◆ What to work on ◆
Please set down the lines of the listing exactly, from its first line to the line with "18002 W VOGEL Avenue", leaving the pictures out.

◆ Supplied data ◆
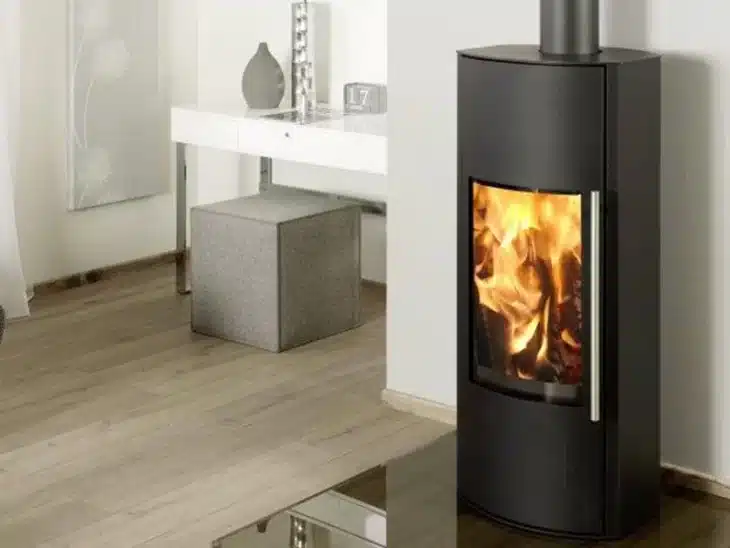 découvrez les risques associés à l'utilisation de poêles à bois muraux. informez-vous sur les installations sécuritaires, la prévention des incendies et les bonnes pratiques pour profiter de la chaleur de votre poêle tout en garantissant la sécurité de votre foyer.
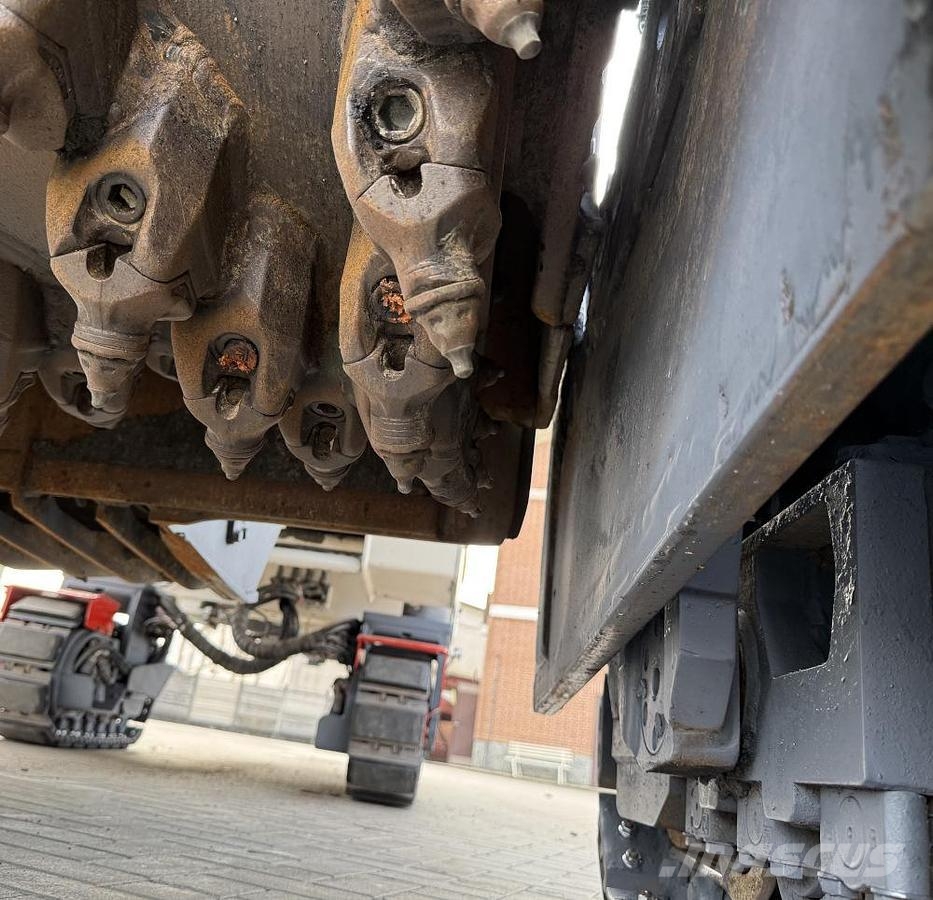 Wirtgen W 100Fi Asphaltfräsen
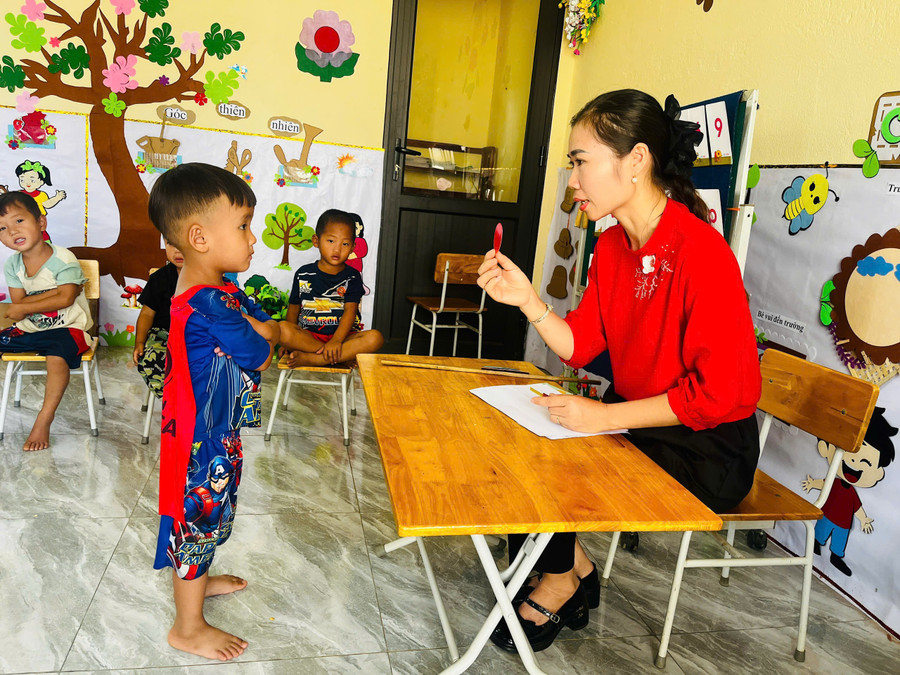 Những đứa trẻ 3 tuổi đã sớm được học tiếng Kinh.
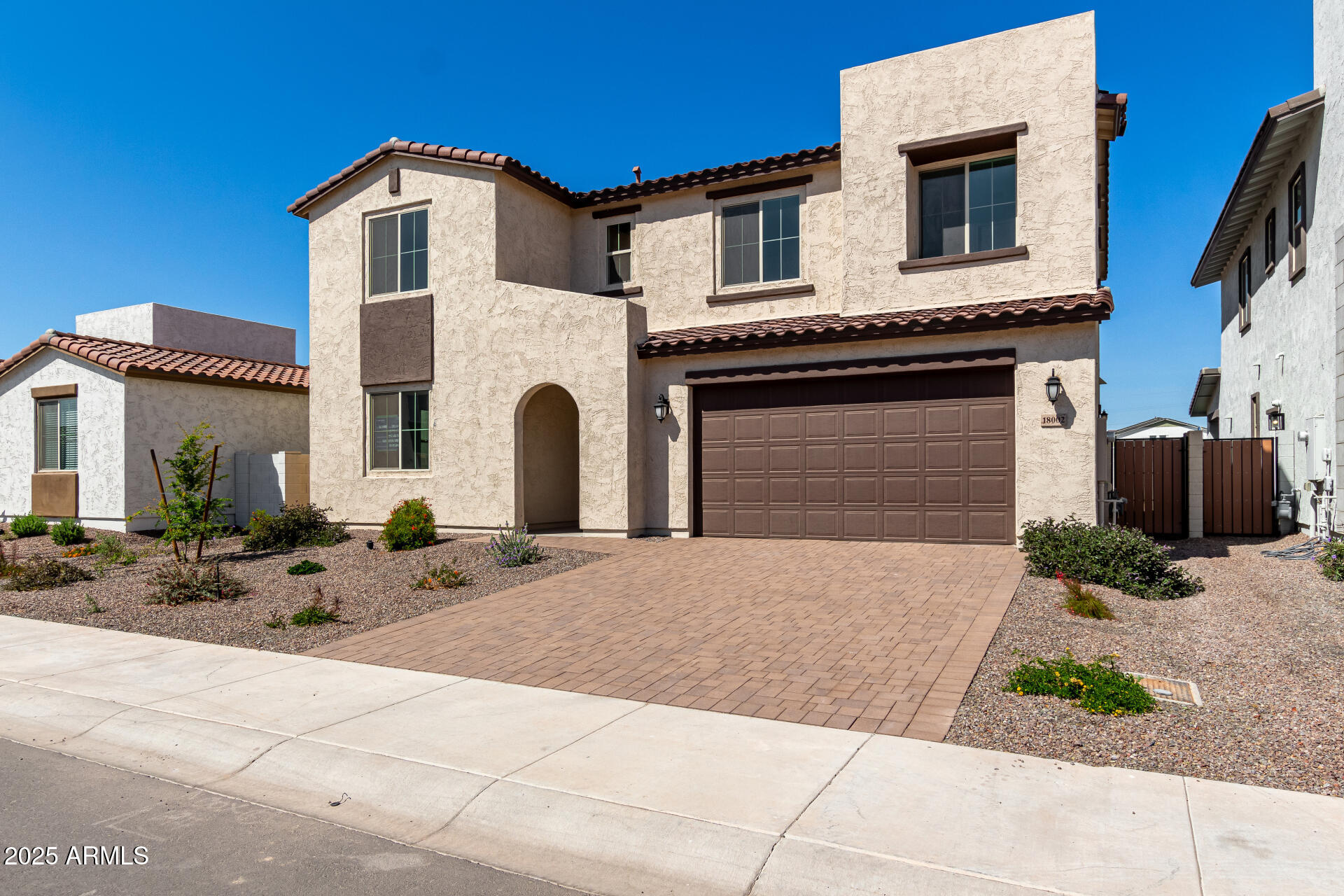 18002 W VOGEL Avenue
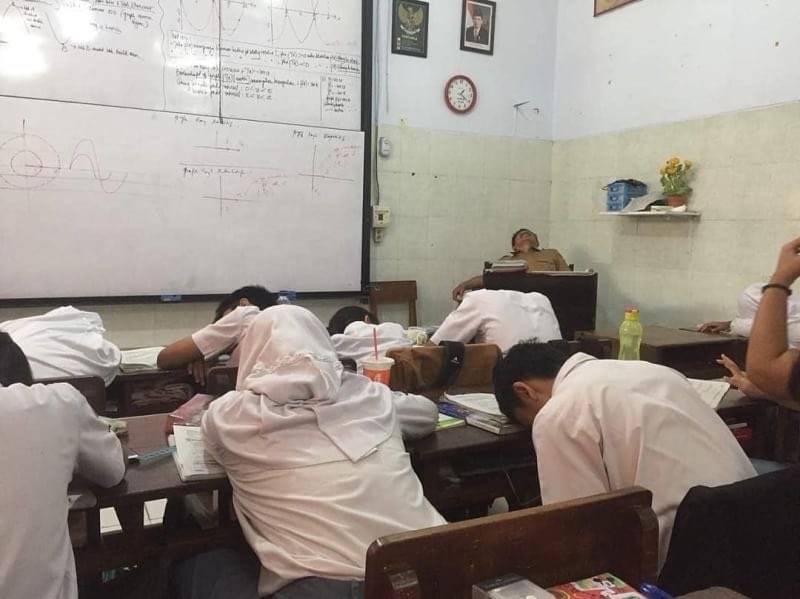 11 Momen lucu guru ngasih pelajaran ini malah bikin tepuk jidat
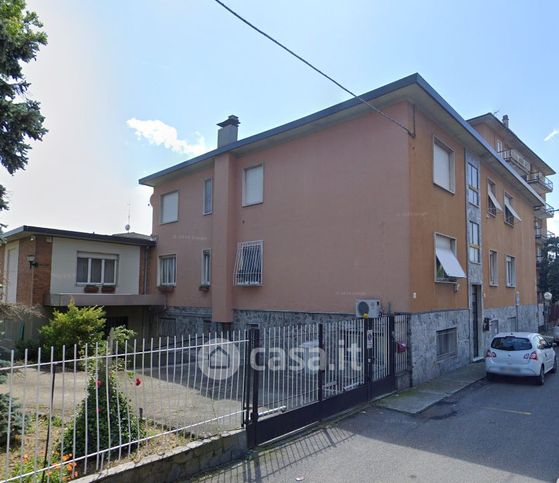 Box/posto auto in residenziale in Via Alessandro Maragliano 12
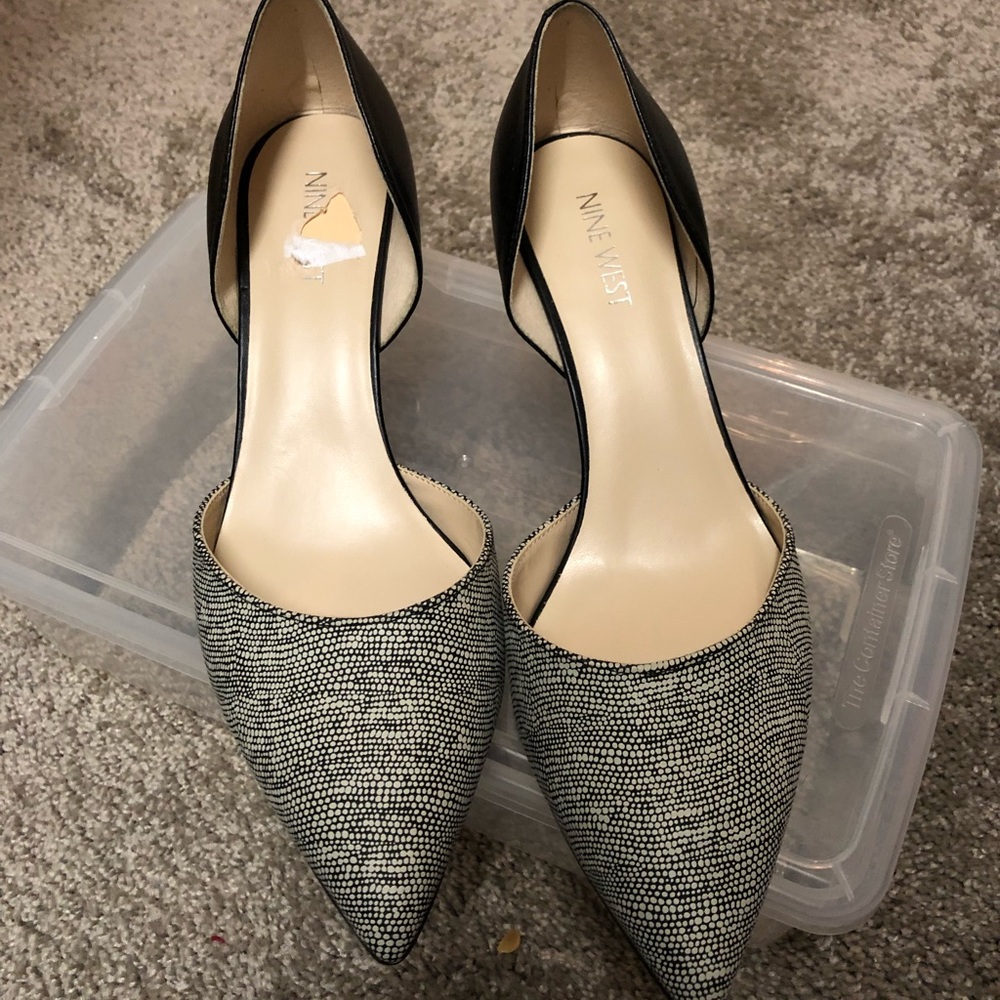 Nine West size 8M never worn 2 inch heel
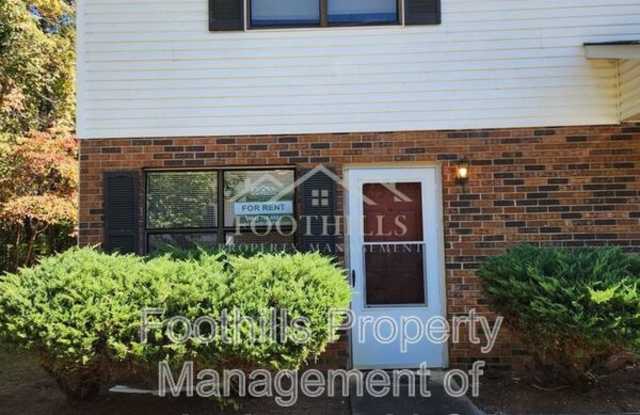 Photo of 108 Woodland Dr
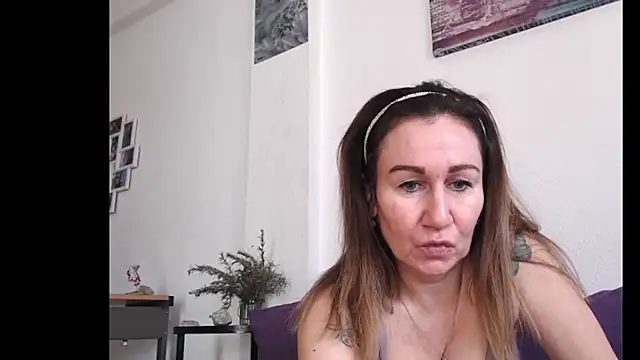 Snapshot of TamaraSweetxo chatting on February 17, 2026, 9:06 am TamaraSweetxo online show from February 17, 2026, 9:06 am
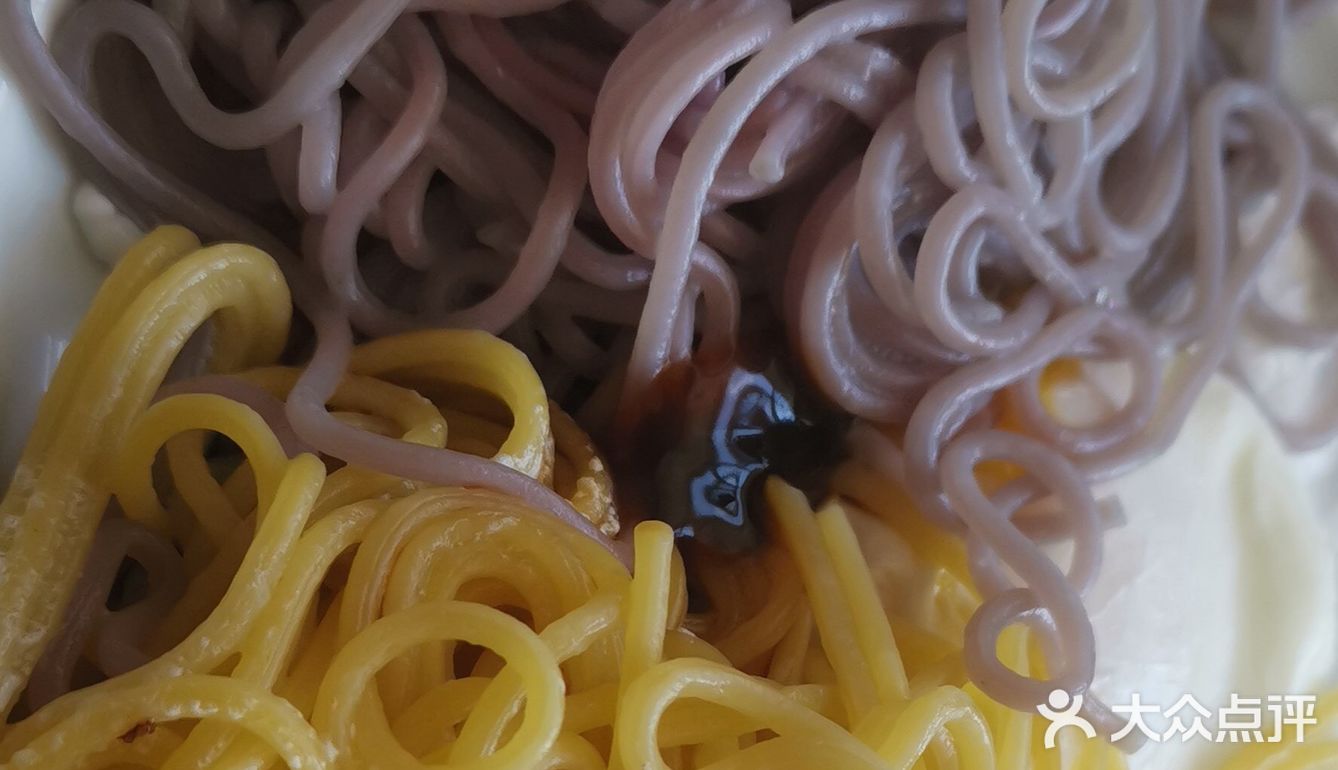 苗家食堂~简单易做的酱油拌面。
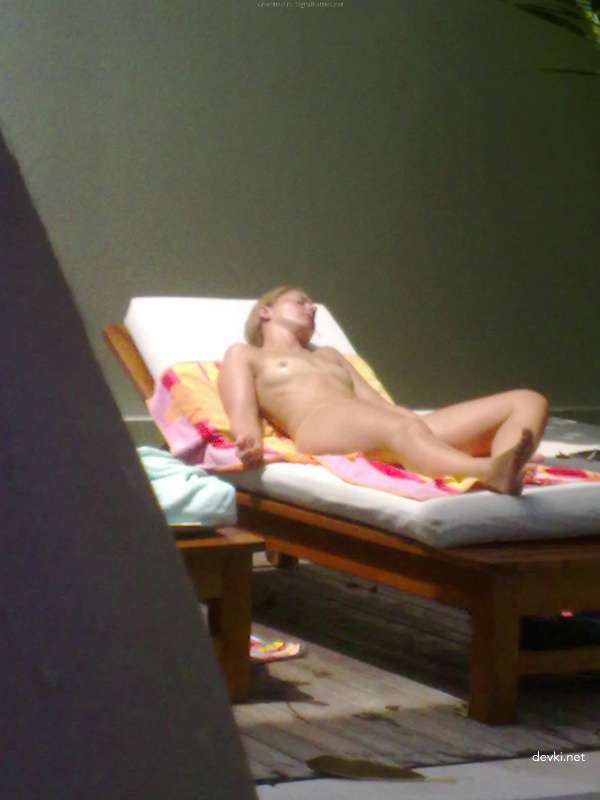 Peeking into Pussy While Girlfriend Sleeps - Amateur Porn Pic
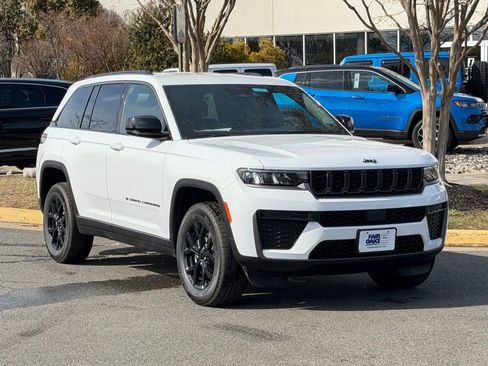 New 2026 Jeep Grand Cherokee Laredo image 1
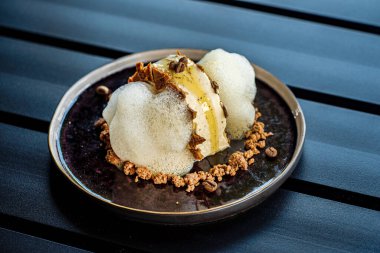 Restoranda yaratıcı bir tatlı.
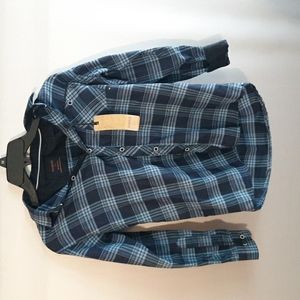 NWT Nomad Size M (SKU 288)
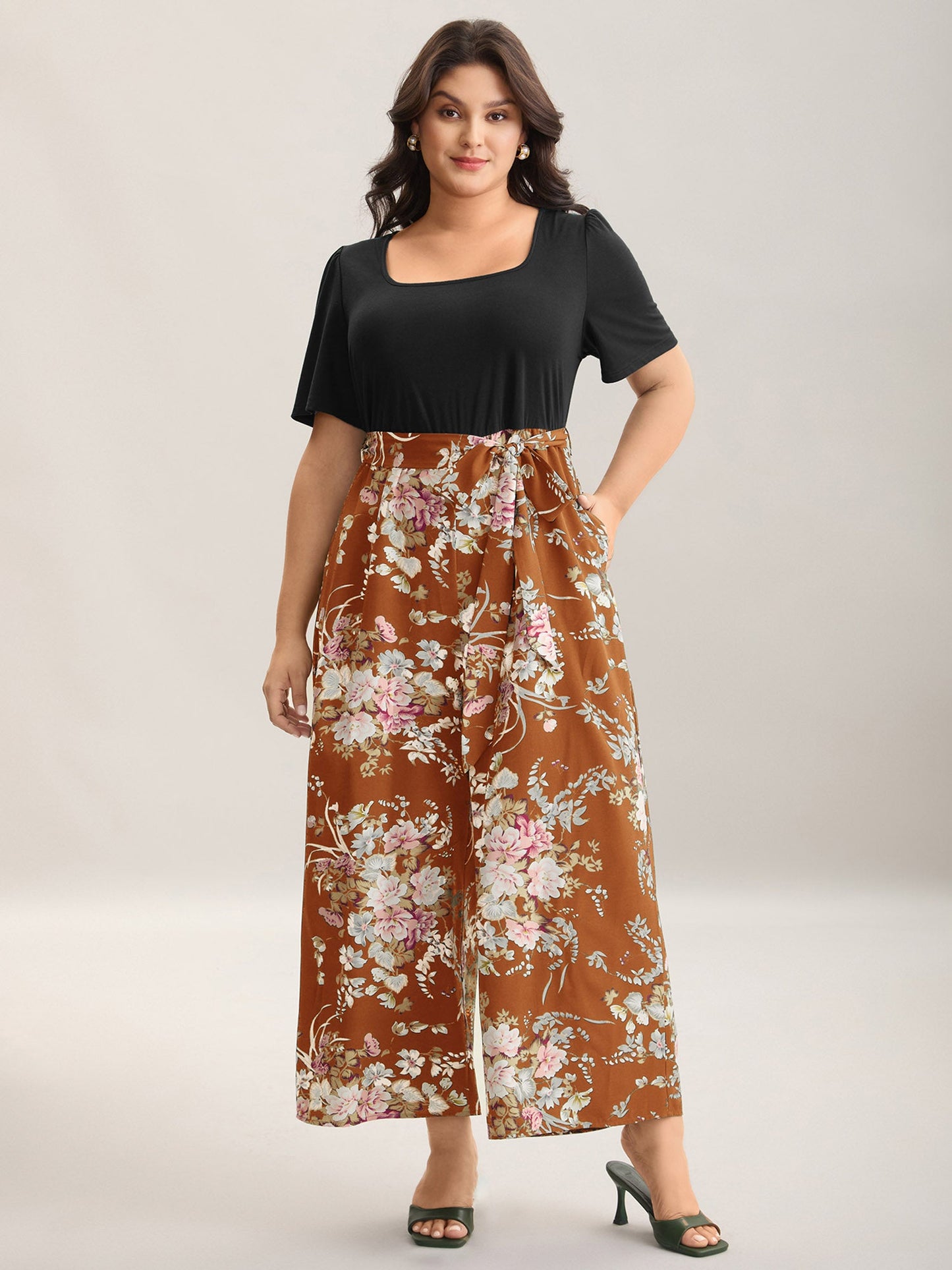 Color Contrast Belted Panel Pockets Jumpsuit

◆ Result ◆
 découvrez les risques associés à l'utilisation de poêles à bois muraux. informez-vous sur les installations sécuritaires, la prévention des incendies et les bonnes pratiques pour profiter de la chaleur de votre poêle tout en garantissant la sécurité de votre foyer.
 Wirtgen W 100Fi Asphaltfräsen
 Những đứa trẻ 3 tuổi đã sớm được học tiếng Kinh.
 18002 W VOGEL Avenue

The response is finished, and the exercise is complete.